This Country Can Teach America a Lot About Paying Workers a Living Wage


Flipping burgers isn't considered a way to make a decent living in the United States: It's a summer job for teenagers, an entry point into the workforce for immigrants or a way to scrape by while working another job.

But fast-food workers in Denmark make the equivalent of $20 per hour; a Burger King employee has enough money to pay rent, go out with friends and still save a bit of money, according to an extensive report in the New York Times

And their experience can teach the us a lot about how to pay workers a decent wage for honest work.

Working to live: The quality of life for fast-food workers in the small Scandinavian nation is astonishing — it includes a host of benefits that even well-paid American workers would envy. As the New York Times reports, under the industry's collective agreement, employees are guaranteed five weeks of vacation, paid maternity and paternity leave, a pension plan and paid overtime for work after 6 p.m. and on Sundays. In contrast to American wage earners, Danes often receive their work schedule a month ahead of time.

Denmark doesn't officially uphold a minimum wage, but it has very high union density — roughly two-thirds of workers are in trade unions, which gives organized labor a great deal of leverage in negotiating the base wage that workers can be paid in many industries.
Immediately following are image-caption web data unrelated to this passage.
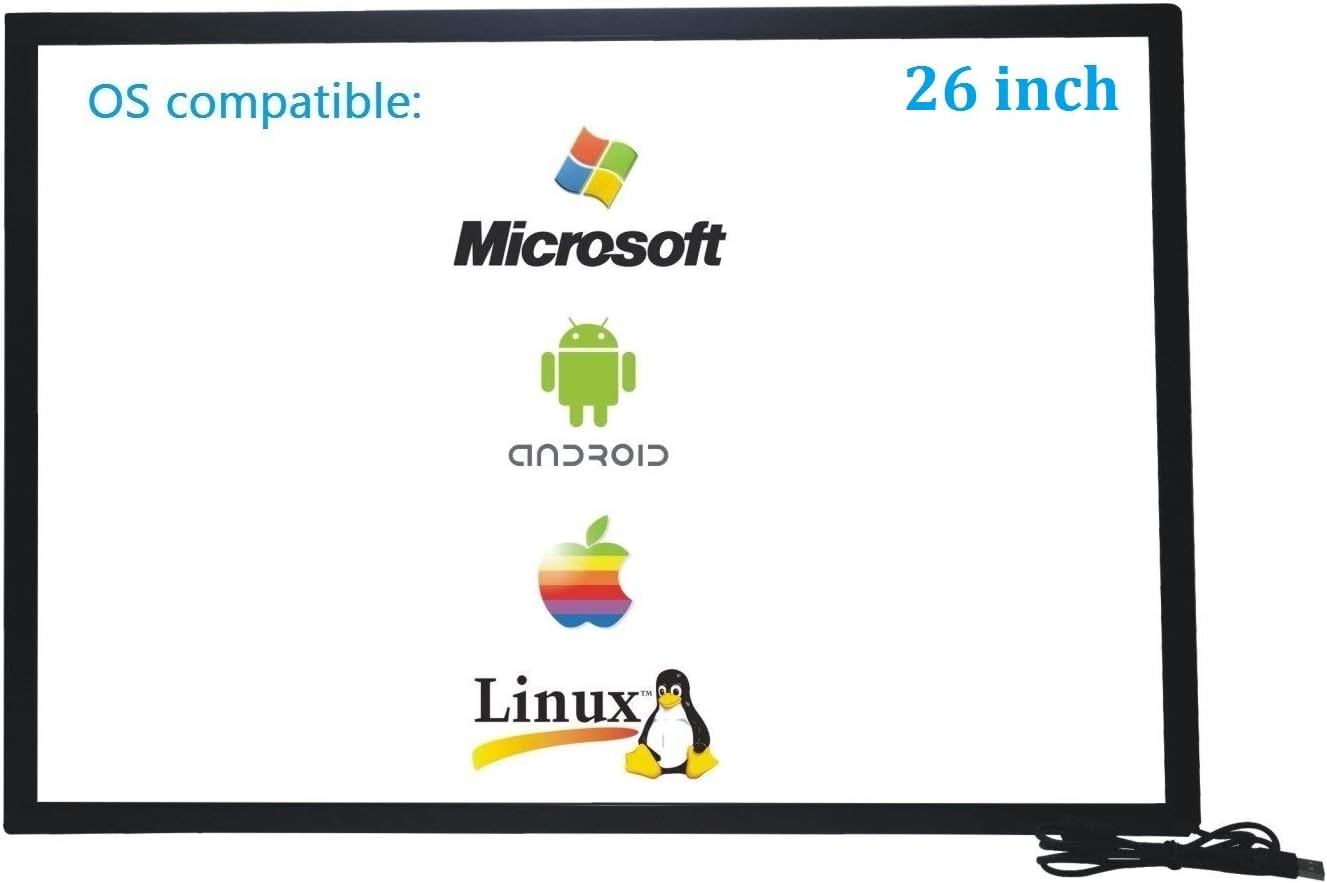 DeYoWo 26 Inch Interactive 10 Points Infrared IR Touch Screen Overlay Frame Free Drive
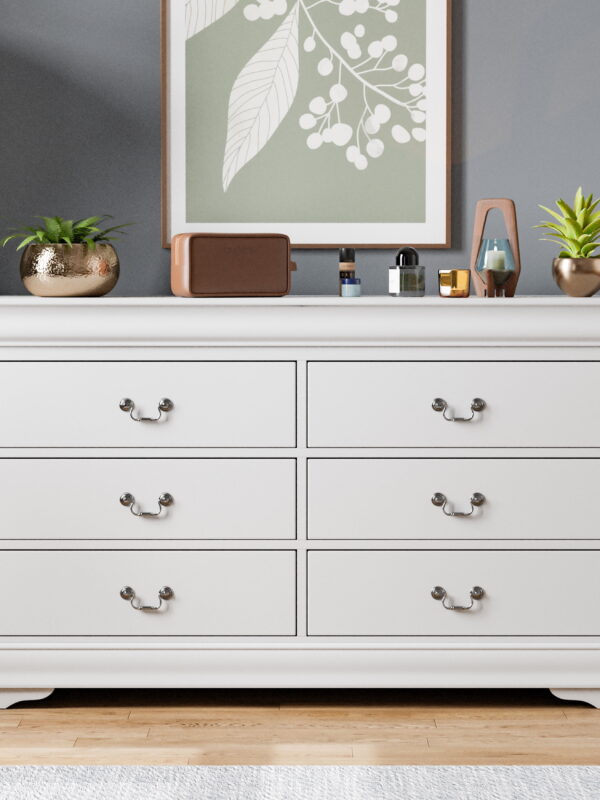 Furniture of America Vrai 6-Drawer Solid Wood White Dresser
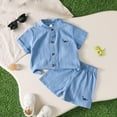 thumbnail image 2 of Gubotare Clothes for Baby Boy Boy's 2 Piece Outfits Color Block Print Short Sleeve Button Down Shirt and Shorts Set (Blue,Size 6-9 Months), 2 of 8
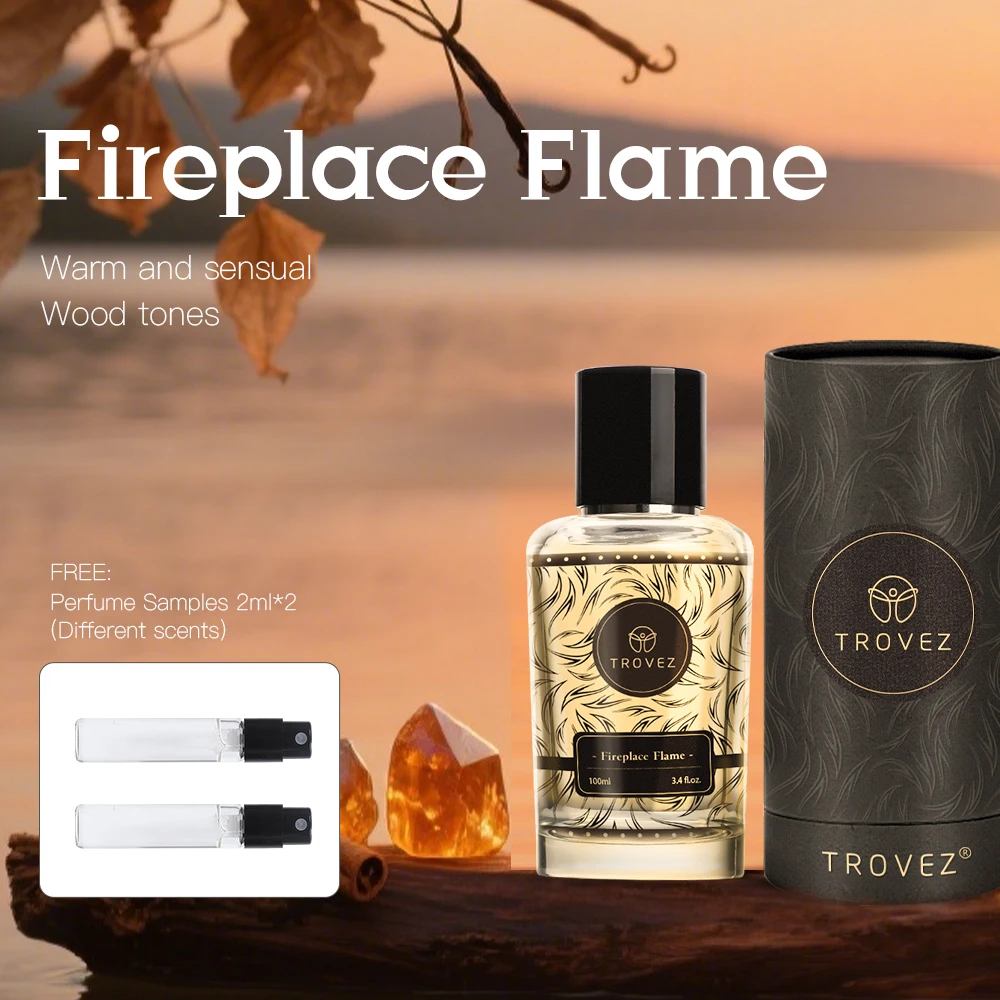 

TROVEZ Fireplace Flame Eau De Parfum 100ml Woody Tone Perfume Roasted Chestnut Aroma Body Spray Free 2 Pieces of 2ml Samples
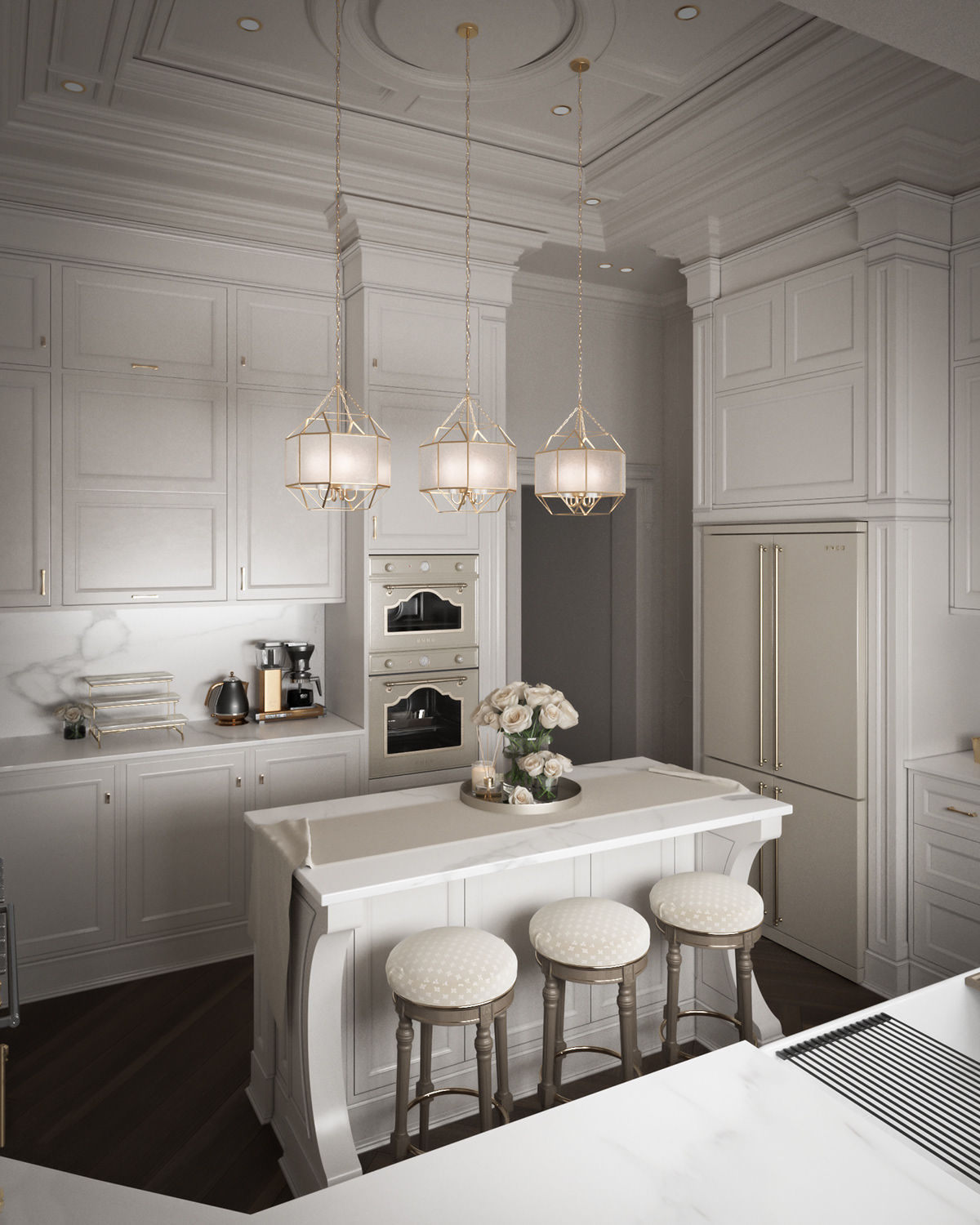kitchen kitchen design visualization interior design  Render 3ds max architecture neoclassic Classic archviz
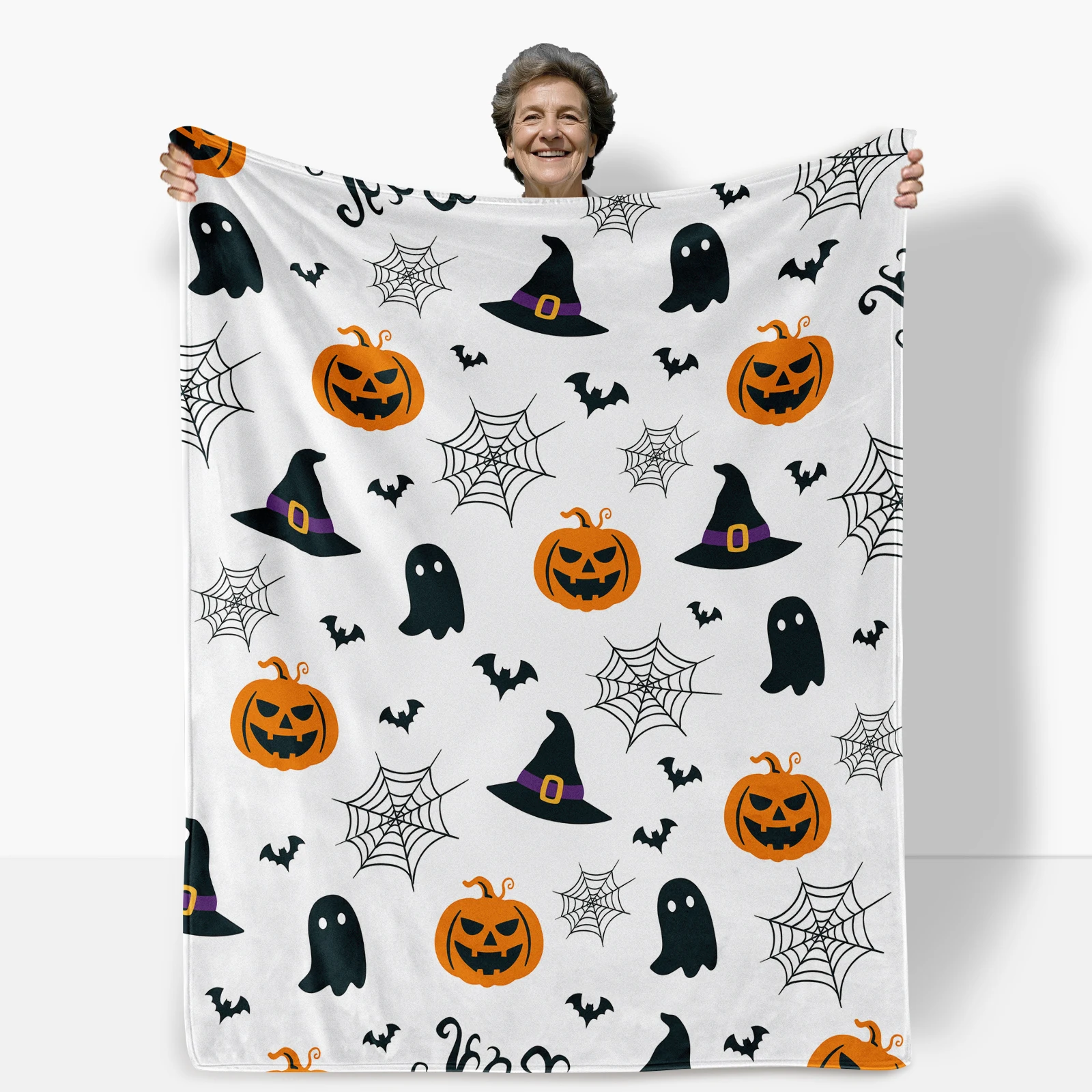 

Flannel Halloween blanket packed with spooky fun elements perfect for kids to enjoy the holiday warmth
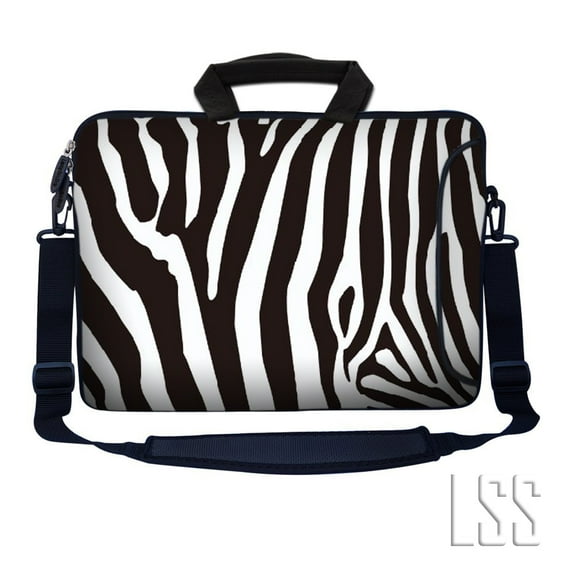 LSS 13.3 inch Laptop Sleeve Bag Notebook with Extra Side Pocket, Soft Carrying Handle & Removable Shoulder Strap for 12" 12.1" 13" 13.3" - Zebra Print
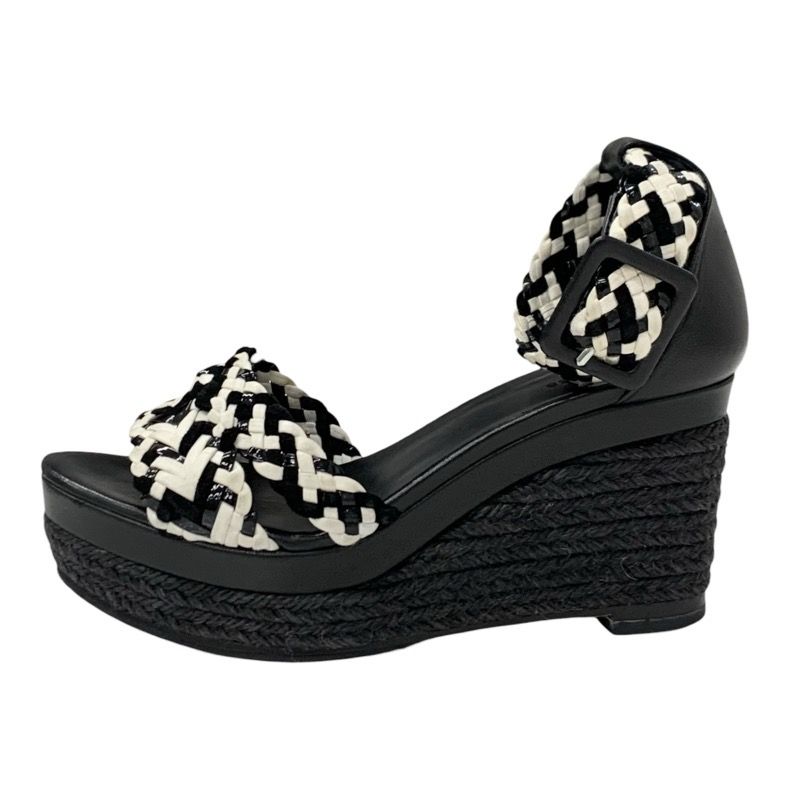 Hermes Sandals Shoes Leather Black White Braided Wedge Sole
According to the New York Times, Denmark's 3F union, the largest in the country, has an agreement with the employers group Horesta, which includes many restaurants including Burger King, that the lowest a fast-food worker can be paid is $20 an hour. In exchange, unions and employees are expected to not engage in any kind of militant or disruptive practices such as strikes or boycotts.

"Sometimes I ask, 'Do I buy food or do I buy them clothes?' If I made $20 an hour, I could actually live, instead of dreaming about living."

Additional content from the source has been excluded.